Следующие отрывки из того же неопубликованного памфлета окажутся, с литературной точки зрения, не менее любопытными.
«И здесь я хочу сказать несколько слов о нынешнем состоянии английской поэзии. Что это век упадка английской поэзии, будут сомневаться немногие, кто спокойно рассмотрел этот предмет. Что среди нынешних поэтов есть люди гениальные, мало что говорит против этого факта, потому что было хорошо сказано, что «после того, кто формирует вкус своей страны, величайший гений — это тот, кто его развращает». Никто никогда не отрицал гениальность Марино, который развратил не только вкус Италии, но и всей Европы почти на столетие. Великая причина нынешнего плачевного состояния английской поэзии должна быть приписана тому абсурдному и систематическому принижению Поупа, в котором за последние несколько лет наблюдалось своего рода эпидемическое согласие. Люди самых противоположных мнений объединились по этой теме. Уортон и Черчилль начали это, позаимствовав намек, вероятно, у героев «Дунсиады» и своего собственного внутреннего убеждения, что их собственная репутация не может быть ничем, пока самый совершенный и гармоничный из поэтов — тот, кто, не имея недостатков, имел РАЗУМ, сделанный его упреком — не был сведен к тому, что они считали его уровнем; но даже они не осмелились унизить его ниже Драйдена.

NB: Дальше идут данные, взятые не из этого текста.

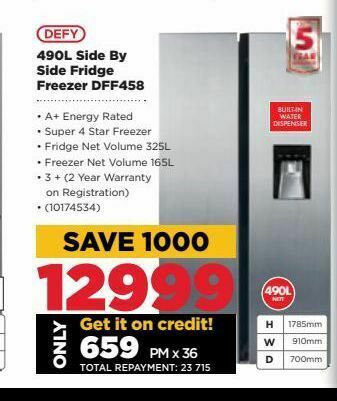 HiFi Corp 490l side by side fridge freezer defy offer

Голдсмит, Роджерс и Кэмпбелл, его самые успешные ученики; и Хейли, который, как бы слаб он ни был, оставил одну поэму, «которая не будет охотно позволена умереть» («Триумфы темперамента»), поддерживали репутацию этого чистого и совершенного стиля; и Крабб, первый из живущих поэтов, почти сравнялся с мастером. Затем пришел Дарвин, который был подавлен единственной поэмой в «Антиякобинце»; и крусканцы, от Мерри до Дженингема, которые были уничтожены (если можно сказать, что НИЧТО может быть уничтожено) Гиффордом, последним из здоровых английских сатириков. * * *
«Эти три персонажа, С**, У** и К**, все они имели очень естественную антипатию к Поупу, и я уважаю их за это, как за единственное оригинальное чувство или принцип, который им удалось сохранить. Но к ним присоединились в этом те, кто не присоединился к ним ни в чем другом: эдинбургские рецензенты, вся гетерогенная масса живущих английских поэтов, за исключением Крабба, Роджерса, Гиффорда и Кэмпбелла, которые как наставлением, так и практикой доказали свою приверженность; и я, который постыдно отклонился на практике, но всегда любил и чтил поэзию Поупа всей своей душой и надеюсь делать это до дня своей смерти. Я предпочел бы видеть все, что я когда-либо написал, выстилающим тот самый сундук, в котором я фактически читал одиннадцатую книгу современной эпической поэмы на Мальте в 1811 году (я открыл его, чтобы достать сдачу после приступа перемежающейся лихорадки, в отсутствие моего слуги, и обнаружил, что он выстлан именем производителя, Эйра, Кокспур-стрит, и упомянутой эпической поэзией), чем пожертвовать тем, во что я твердо верю как в христианство английской поэзии, поэзию Поупа.